# SUPPLIED MATERIAL:
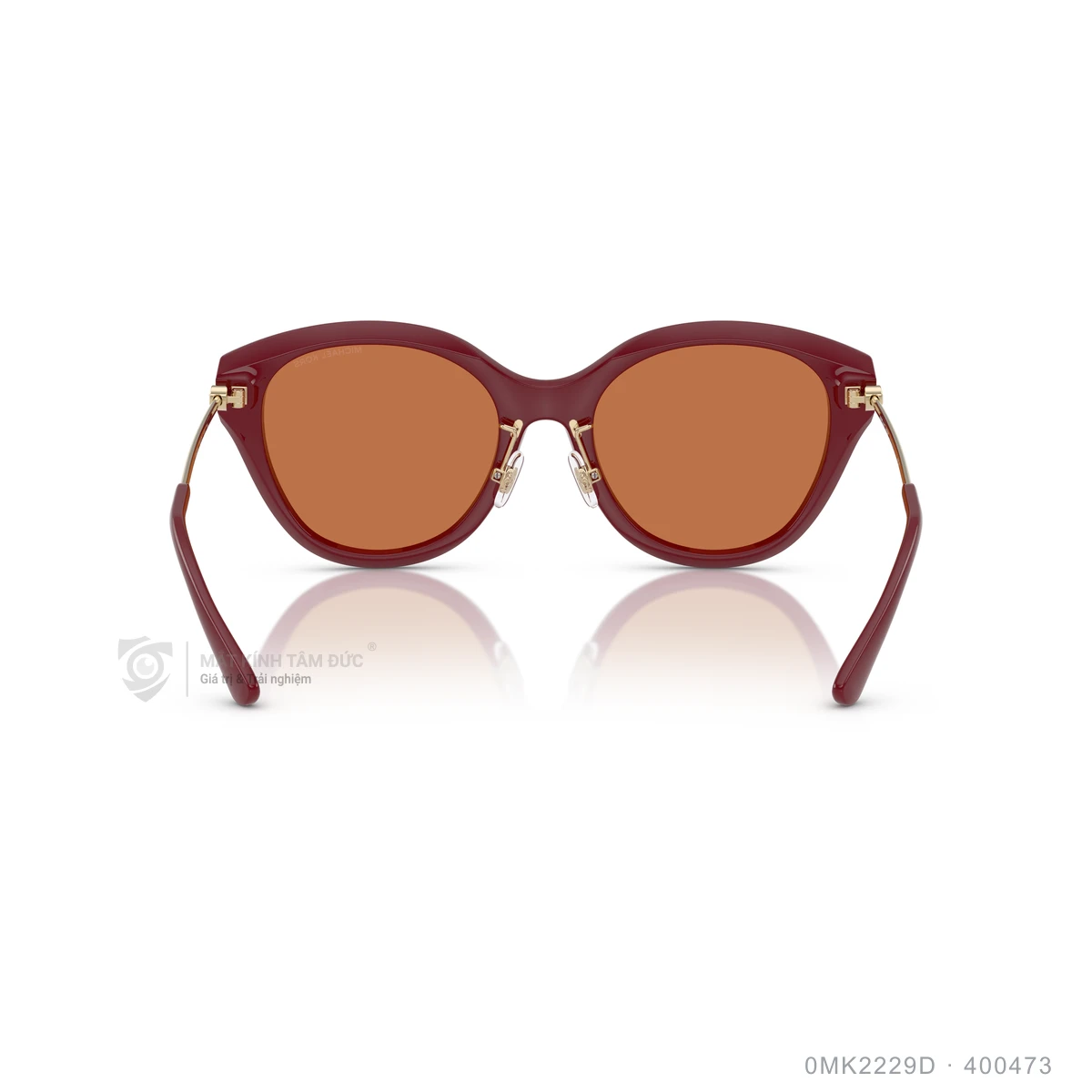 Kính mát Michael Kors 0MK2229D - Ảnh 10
...
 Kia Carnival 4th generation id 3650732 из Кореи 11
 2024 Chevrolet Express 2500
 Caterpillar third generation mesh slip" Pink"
==
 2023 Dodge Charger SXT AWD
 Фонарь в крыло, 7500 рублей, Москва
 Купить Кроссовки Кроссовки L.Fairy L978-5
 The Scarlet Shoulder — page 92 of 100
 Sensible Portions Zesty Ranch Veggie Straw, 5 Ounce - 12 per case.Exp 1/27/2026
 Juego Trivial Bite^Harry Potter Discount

# WORK TASK:
Please give back exactly the lines of this listing beginning at the line with "Купить Кроссовки Кроссовки L.Fairy L978-5" and ending with the line with "Juego Trivial Bite^Harry Potter Discount", both included, and nothing else.

# RESULT:
 Купить Кроссовки Кроссовки L.Fairy L978-5
 The Scarlet Shoulder — page 92 of 100
 Sensible Portions Zesty Ranch Veggie Straw, 5 Ounce - 12 per case.Exp 1/27/2026
 Juego Trivial Bite^Harry Potter Discount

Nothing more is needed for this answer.